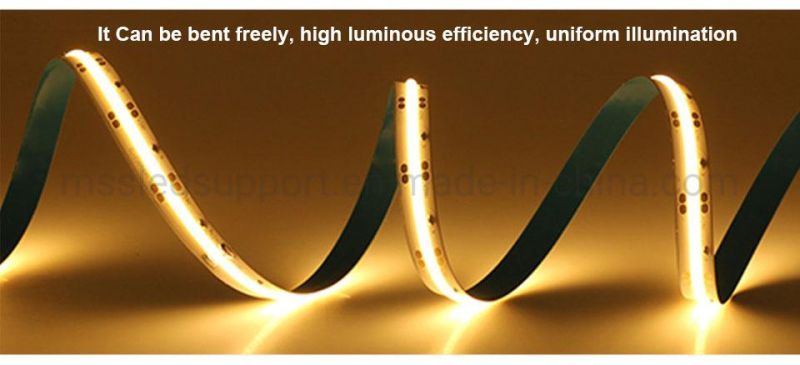 DC24V 10mm Width 10W/M 2700K 3000K 4000K 6000K LED Flexible Car COB Light Strip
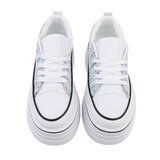 Wit-blauwe hoge sneaker Antolina_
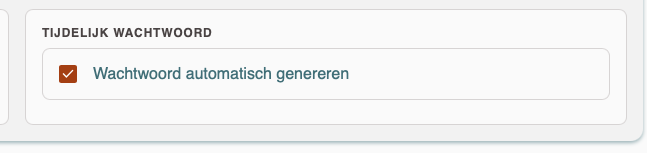 Wachtwoord weergave Wachtwoord weergave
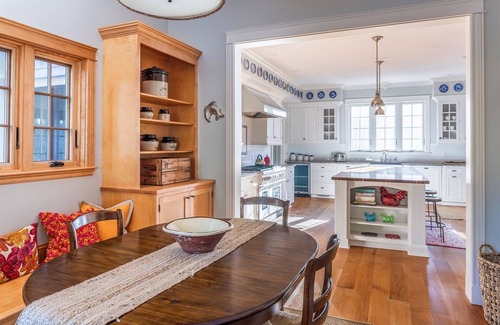 Sebago House | Elegant Retreat on Sebago Lake with Private Dock & Breakfast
========================================================================
* _TRY IT_
Copy out the material exactly as it stands, though no picture should appear in the copy.

* _COMPLETED TASK_
 DC24V 10mm Width 10W/M 2700K 3000K 4000K 6000K LED Flexible Car COB Light Strip
 Wit-blauwe hoge sneaker Antolina_
 Wachtwoord weergave Wachtwoord weergave
 Sebago House | Elegant Retreat on Sebago Lake with Private Dock & Breakfast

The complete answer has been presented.